ONéSIMO FLORES DEWEY

Las autoridades de cualquier ciudad democrática del mundo enfrentan un difícil dilema. Por un lado, deben asegurarle a la población una alternativa segura, confiable, predecible, eficiente y sustentable al automóvil privado. Por el otro, esas mismas autoridades deben cuidar que el costo de dicha alternativa de movilidad esté al alcance de los usuarios, y/o que sea aceptable para los contribuyentes. En buena medida, la política de transporte público de una ciudad no es más que la búsqueda permanente de un equilibrio entre estos dos objetivos.

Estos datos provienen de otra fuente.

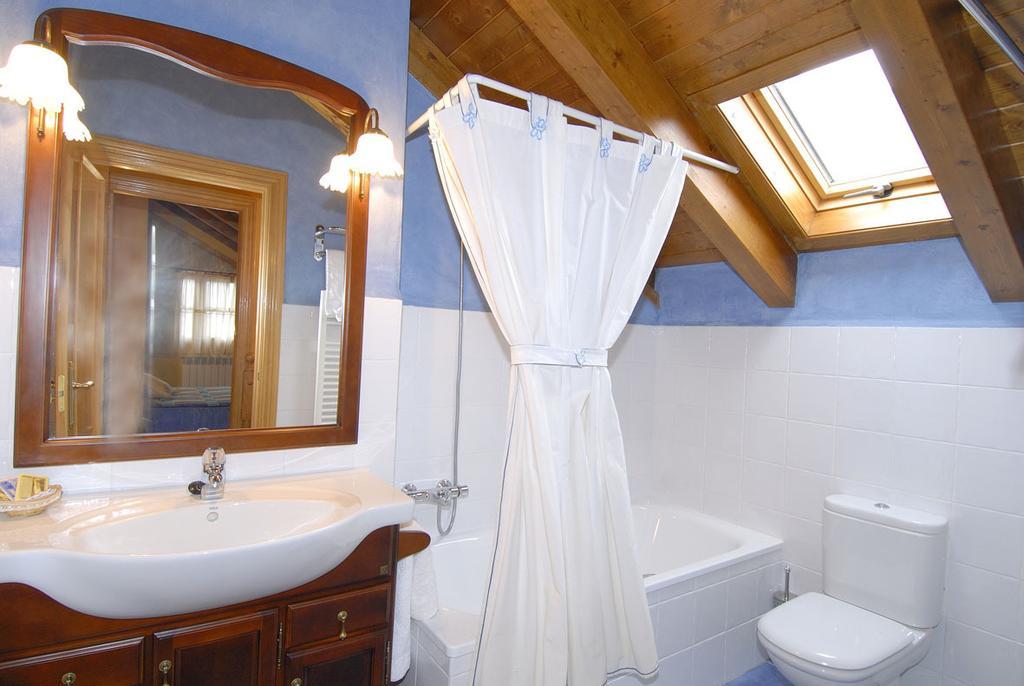 Apartamentos El Rincon De Benas Benasque Rom bilde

Si aspiramos a un sistema de excelencia, capaz de atraer al menos ocasionalmente a quienes ya tienen la posibilidad de moverse en automóvil, tenemos que discutir cómo financiarlo. Un sistema de transporte público con esas características requiere infraestructura, vehículos modernos, sistemas avanzados, capacitación al personal, y muchas otras inversiones, que tienen que pagarse de algún lado. Además, el modelo financiero de dicho sistema no puede estar atado a una tarifa política, que lo deje sin posibilidad de compensar oportunamente los incrementos periódicos al costo de insumos principales, como la gasolina.

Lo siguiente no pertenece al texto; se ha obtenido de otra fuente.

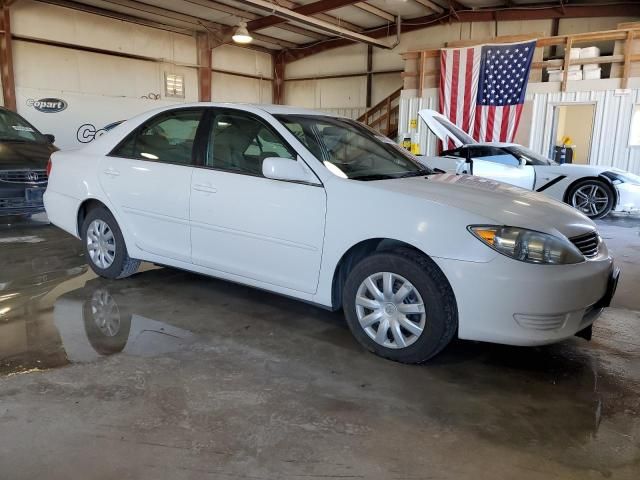 2005 Toyota Camry LE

La gran mayoría de los sistemas que aspiran a ofrecer altos niveles de servicio cobra tarifas elevadas, pero no sólo eso. Además, dichos sistemas suplementan el monto que recaudan de los usuarios con ingresos extraordinarios. Por ejemplo, en Londres y en Santiago de Chile, el gobierno compensa a los operadores de transporte público los descuentos que ofrecen a los estudiantes. El sistema de Metro de Hong Kong balancea sus finanzas con ingresos obtenidos en su rol de desarrollador y administrador de los bienes raíces que rodean las estaciones. En Brasil, los trabajadores tienen acceso a un bono-transporte, parcialmente pagado por los empleadores. En algunas ciudades de Estados Unidos, un porcentaje del Impuesto al Valor Agregado está etiquetado para financiar los sistemas de transporte masivo. El gobierno de la capital de Estonia tomó recientemente la decisión de ofrecer a sus residentes transporte 100% gratuito, financiado por la tesorería de la ciudad. De ese tamaño es la prioridad que otorgan al tema.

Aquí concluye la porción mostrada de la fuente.